Leveraging L3 to transfer to L4 in the Sun-perturbed Earth-Moon system

This paper is devoted to a new approach to construct the transfers from the Earth to the Earth-Moon (EM) $L_{4}$ using stable and unstable manifolds of planar quasiperiodic Lyapunov orbits (QPLOs) of the EM $L_{3}$ in the planar bicircular SunEarth-Moon system. Some planar QPLOs have stable manifolds intersecting the Earth parking orbits and unstable manifolds passing through the EM $L_{4}$ region, which gives a skeleton to design such transfers. Tentatively, the stable and unstable manifolds of a planar QPLO are employed to construct transfer segments connecting the Earth and $\mathrm{L}_{4}$ vicinity, respectively. The trajectories near the stable manifolds spent some time moving around $L_{3}$ and then approach the unstable manifolds towards $L_{4}$. To reduce the multi-revolution behavior around EM $L_{3}$, a multiple shooting algorithm is developed to switch from the stable to the unstable manifold, where additional maneuvers are performed at some distance from the planar QPLO to reduce the time spent in the EM $L_{3}$ vicinity. By such construction a spacecraft can visit and park around two high-cost far-away libration points in a single journey.
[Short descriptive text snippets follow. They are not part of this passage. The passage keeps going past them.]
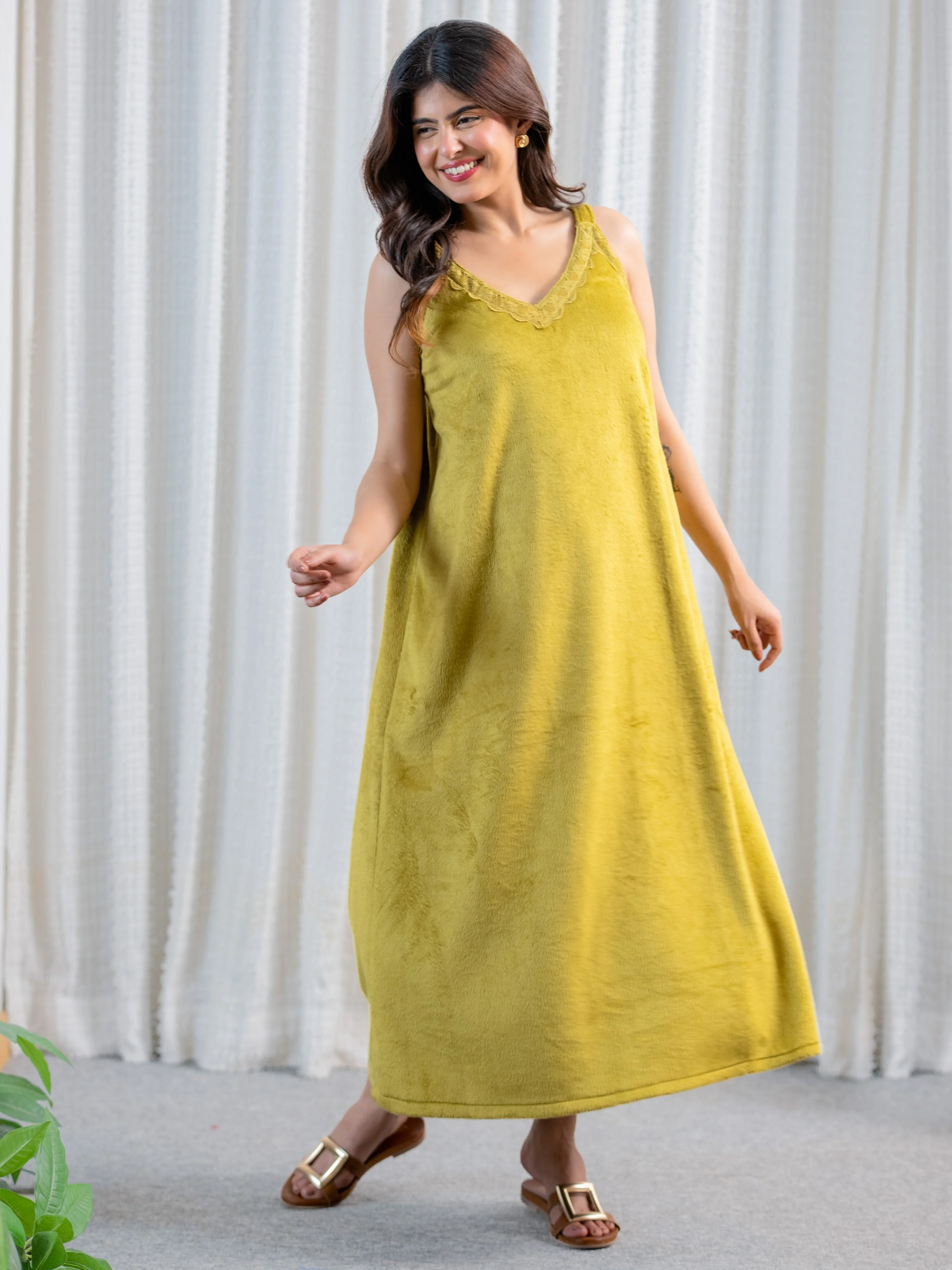 Olive Super Soft Woollen Maxi & Shrug Set - Image 6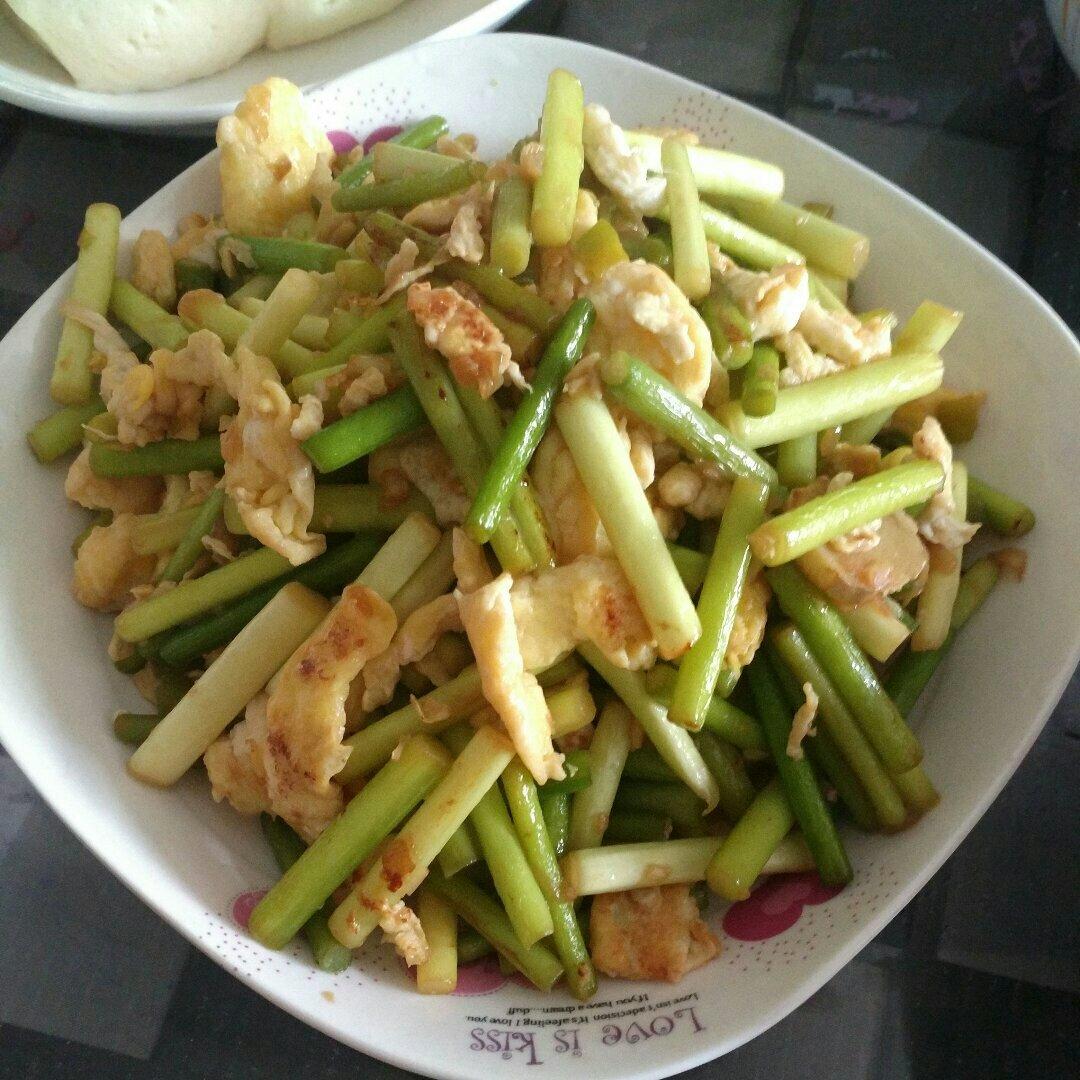 蒜薹炒鸡蛋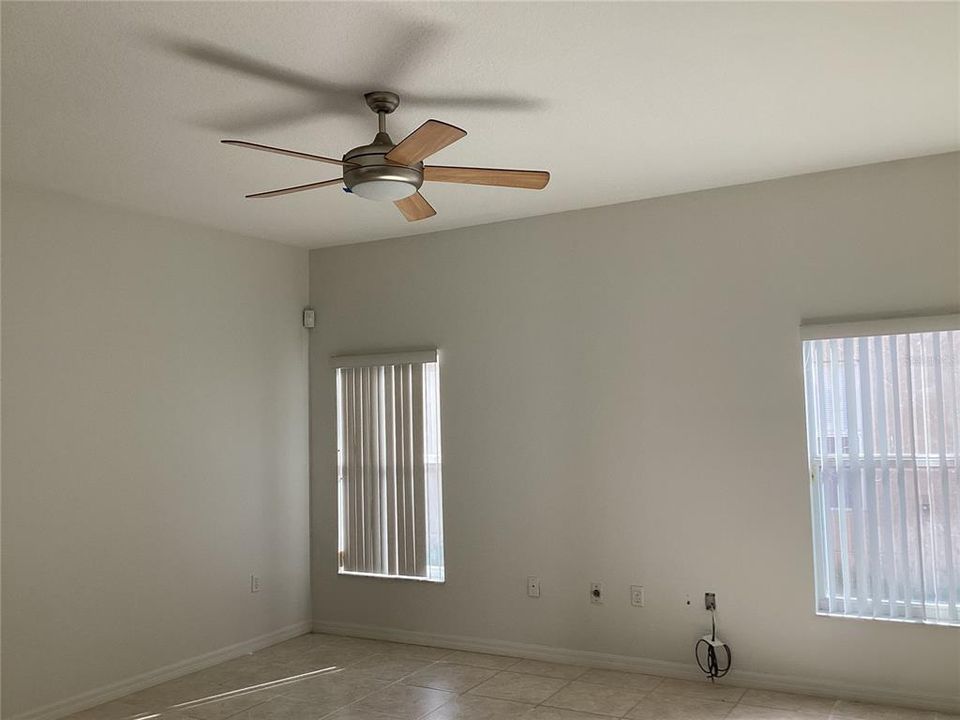 For Rent: $1,900 (4 beds, 2 baths, 2034 Square Feet)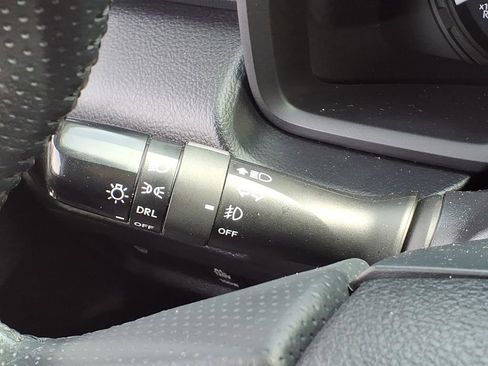 Used 2021 Toyota 4Runner SR5 image 31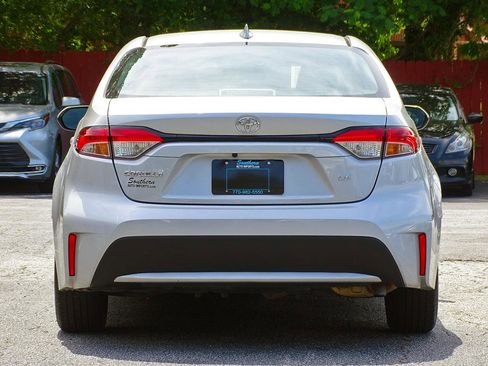 Used 2021 Toyota Corolla LE FWD image 10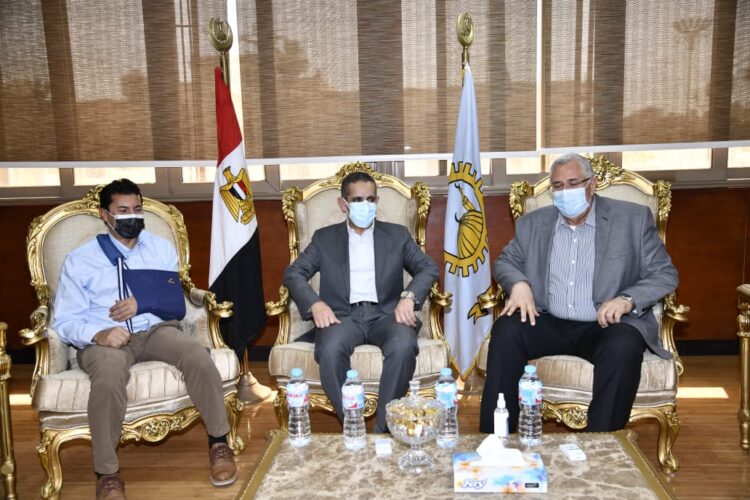 محافظ الغربية ووزيرا الشباب والرياضة والزراعة يفتتحان ملعبين لكرة القدم ببنا أبوصير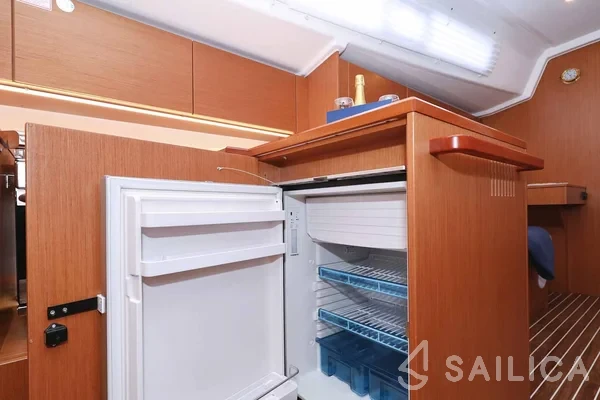 Bavaria C42 - Yacht Charter Sailica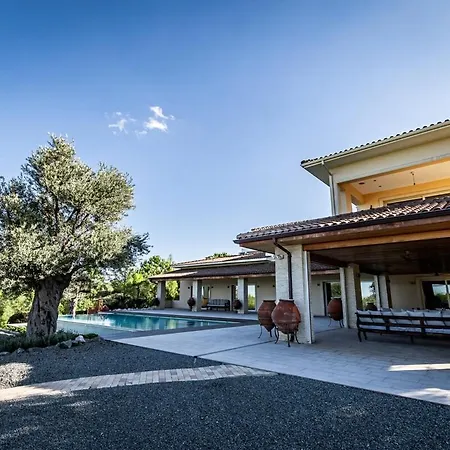 Villa Epavli Papadopoulou - Luxurious Mansion *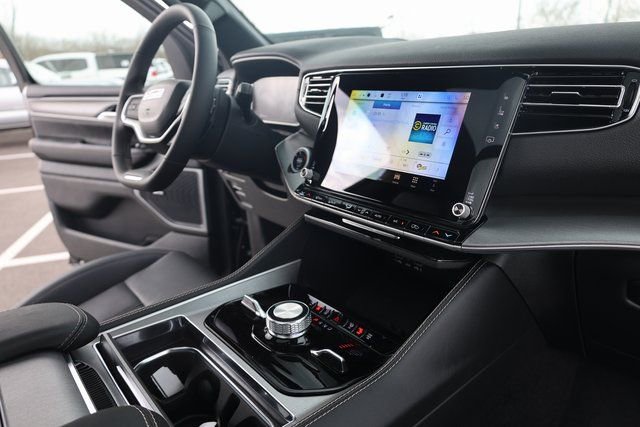 New 2025 Jeep Wagoneer Series II w/ Convenience Group I image 38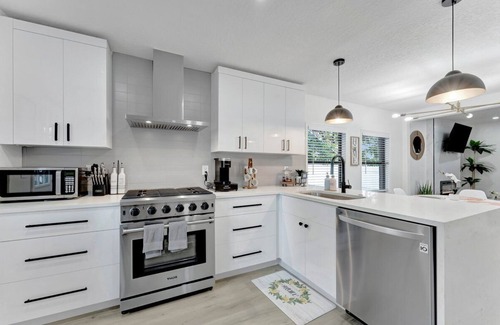 St. Petersburg - Clearwater Casa | St. Pete Family Bungalow & Private Oasis
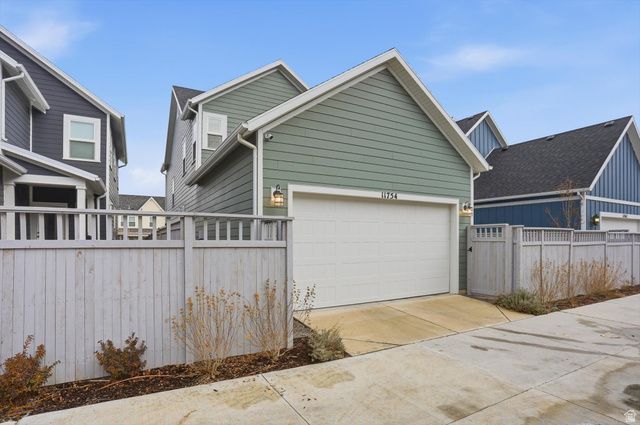 11754 S SILVER POND DR, South Jordan, UT 84009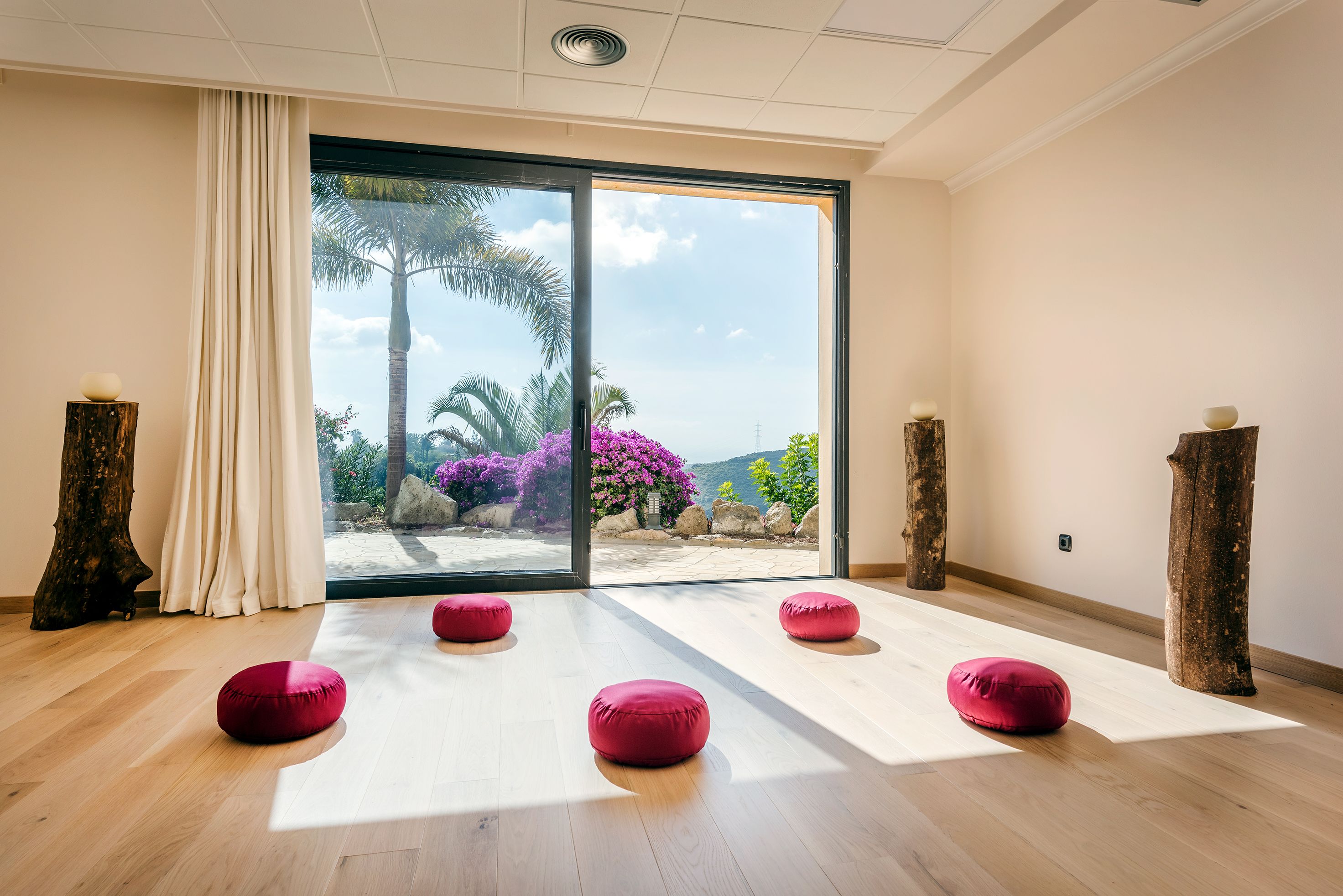 body treatments, hot stone massages, sports massages, body wraps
Eliminating most of the loops around EM $L_{3}$, the quickest one among the example transfers requests about 175 days. Furthermore, it is presented how to utilize the stable manifolds of the planar QPLO alone to design faster transfers to the EM $L_{4}$ vicinity. By this construction, the lowest time of flight is about 61 days. The advantages of these two constructions are discussed.